In 1898, after a severe winter storm in Providence, Rhode Island, hundreds of house sparrows (Passer domesticus) were found immobilized on the ground. 136 were brought to the Anatomical Laboratory of Brown University, where Hermon Bumpus (1898) studied them. 76 recovered, while 64 died. Bumpus identified the sex and age of each individual, noted whether they survived or died, and took a series of morphological measurements, including weight, skull width, and femur length. He used this data to ask questions about natural selection, and whether natural selection acted on any of the measured traits in these birds. Data can be found here: https://github.com/lczawadzki/biostats/raw/main/data/bumpus.csv.

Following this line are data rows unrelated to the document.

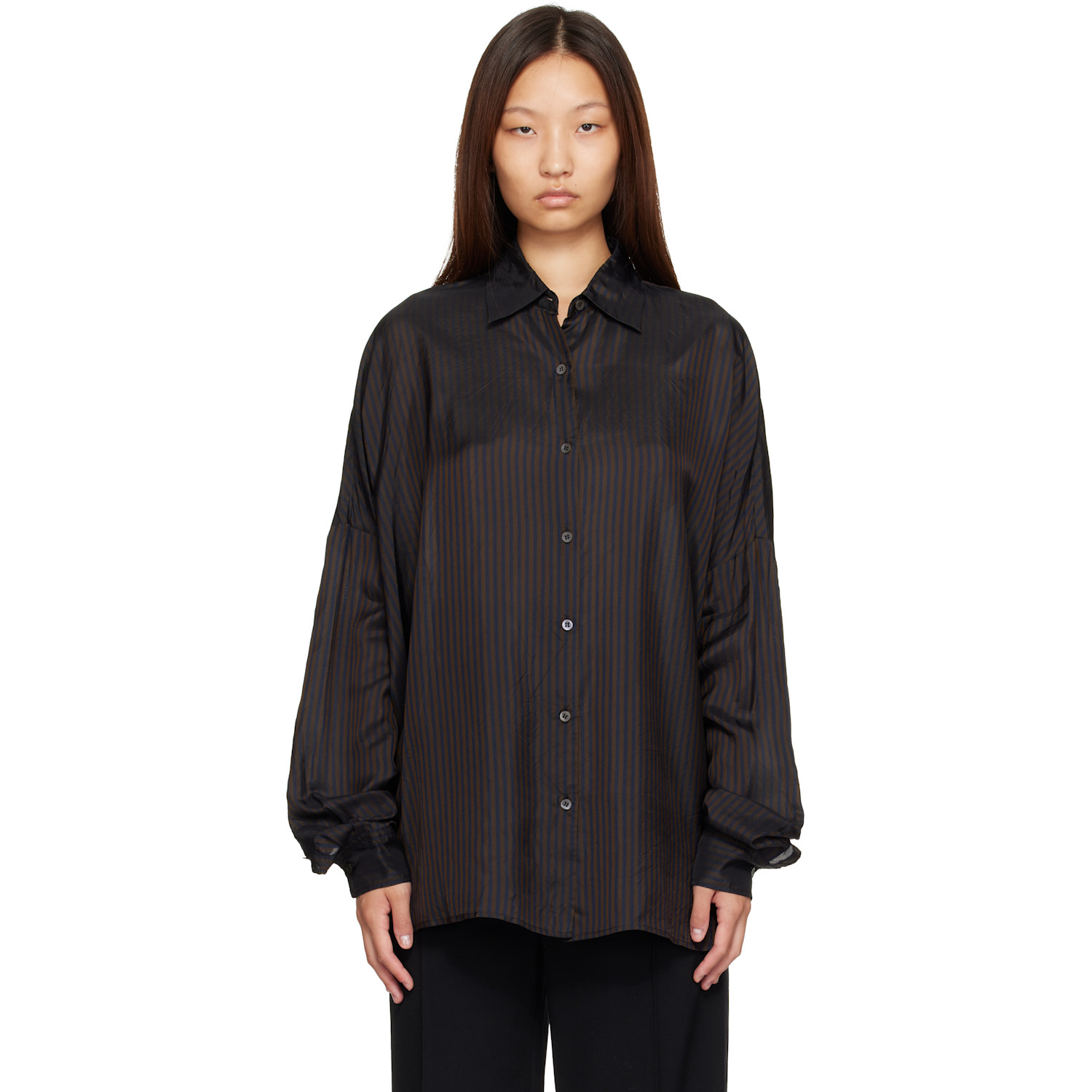 Dries Van Noten Brown Cupro Cocoon Shirt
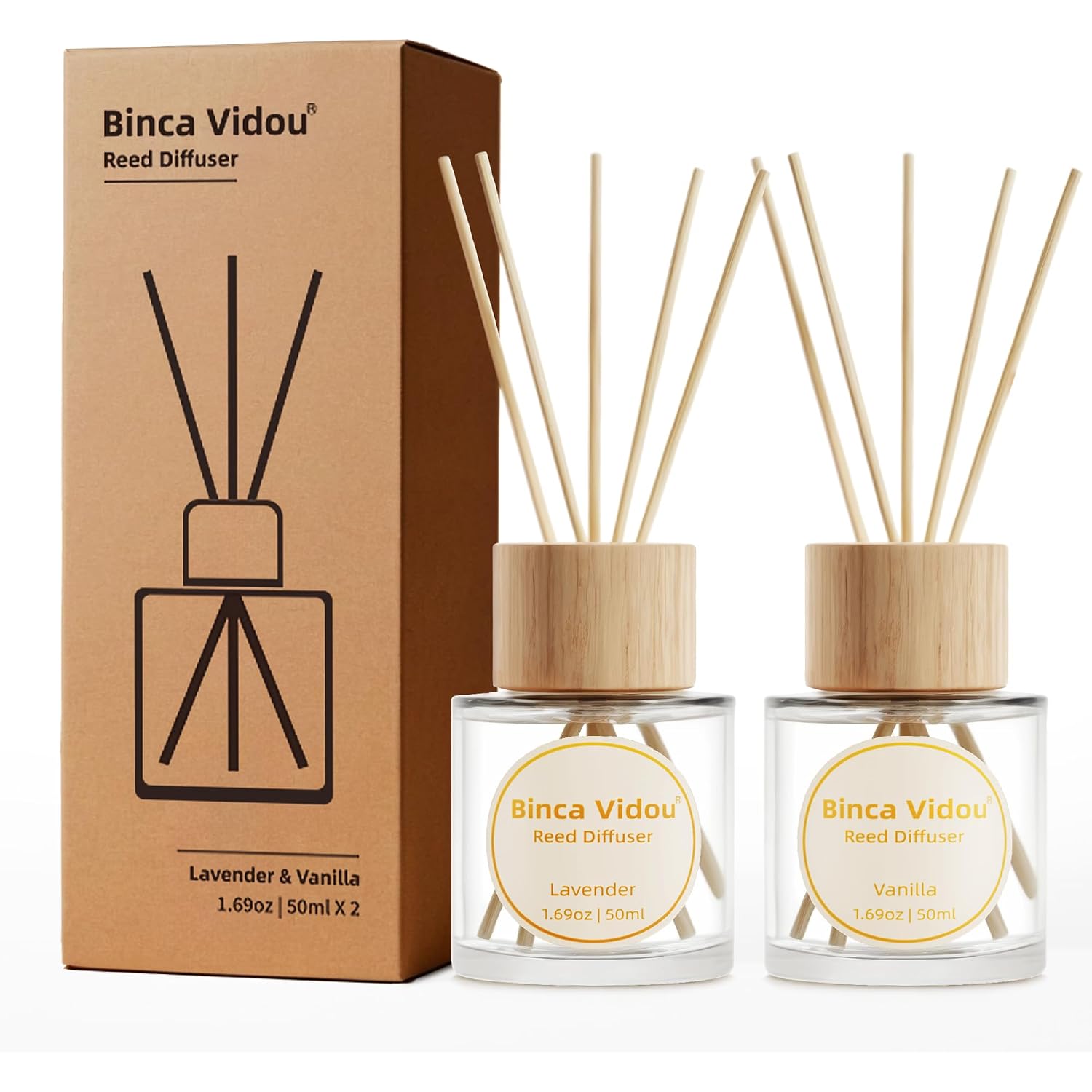 Reed Diffuser Set, Binca Vidou Lavender & Vanilla Natural Scent Oil Diffusers With Sticks For Home Office Bathroom Aromatherapy Decor 1.69Oz X 2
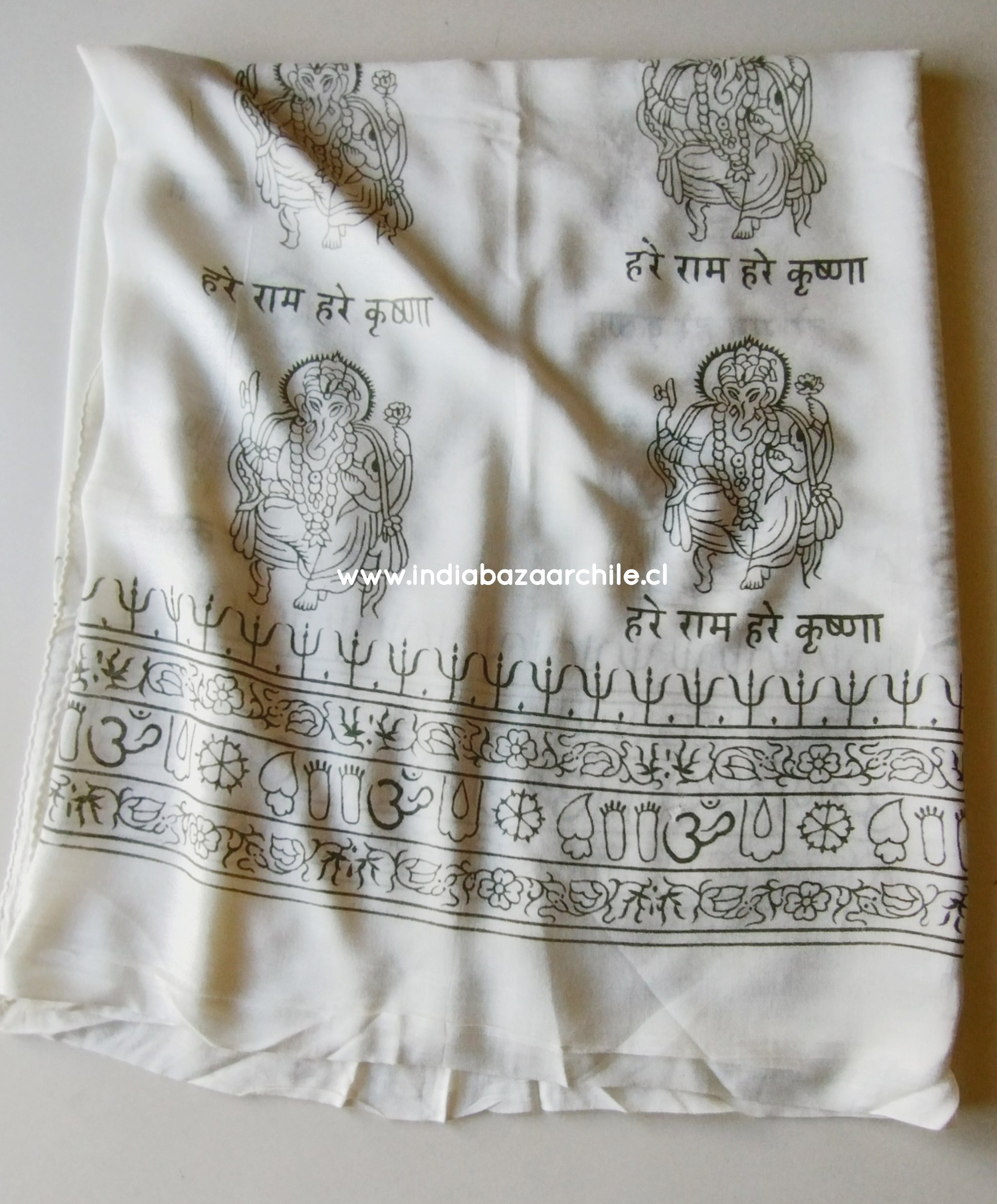 PAÑUELO DEVOCIONAL GANESH BLANCO VERDE XL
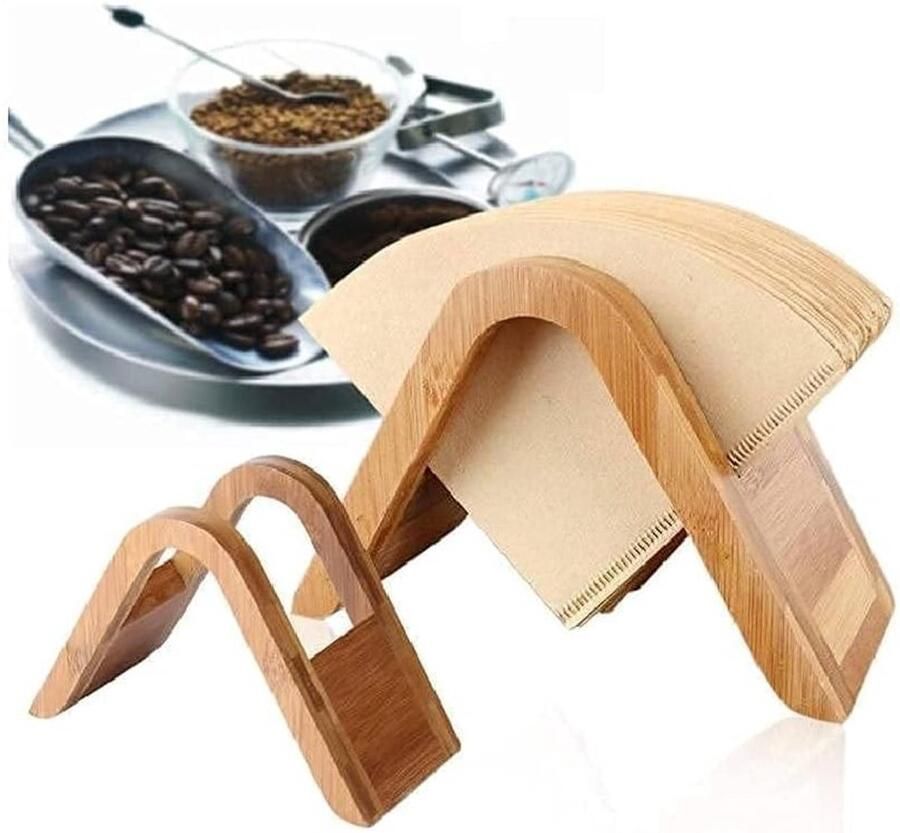 Houten Koffiefilter Houder voor Filterpapier Opbergplank en Display voor Espressomachine en Koffie Accessoires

Did natural selection act on body weight of house sparrows (i.e. do birds that survived differ in mean body weight from those that died)?
a. Is this a paired or two-sample design?
b. Do the distributions for each group (survived vs. dead) look approximately normal? Note: Our data are grouped into a numerical variable column (weight_g) and a categorical variable column (survival). To plot separate histograms for survived and died, use the following notation: hist(df$numvar[which(df$catvar == “category”)],)
c. Are the variances between groups equal? Run an F-test.
d. Based on (a) (b) and (c), which test should you run?
e. Report your null hypothesis, run your test in R, and state your conclusion (statistical decision and in language relevant to the problem).
Swimmers often get ear infections from water remaining trapped in the ear canal. 14 swimmers were given a medication that claimed to reduce ear infections. The number of ear infections they developed before starting the medication, and the number of ear infections they developed after starting the medication, were recorded. Data can be found here: https://github.com/lczawadzki/biostats/raw/main/data/swimmers.csv. Does this medication reduce ear infections in swimmers?
a. Is the data normally distributed? Note: this is a paired study design, so the DIFFERENCES between groups should be normally distributed, NOT the groups themselves.
b. Based on your histogram, which test should you run?
c. Report your null hypothesis, run your test in R, and state your conclusion (statistical decision and in language relevant to the problem).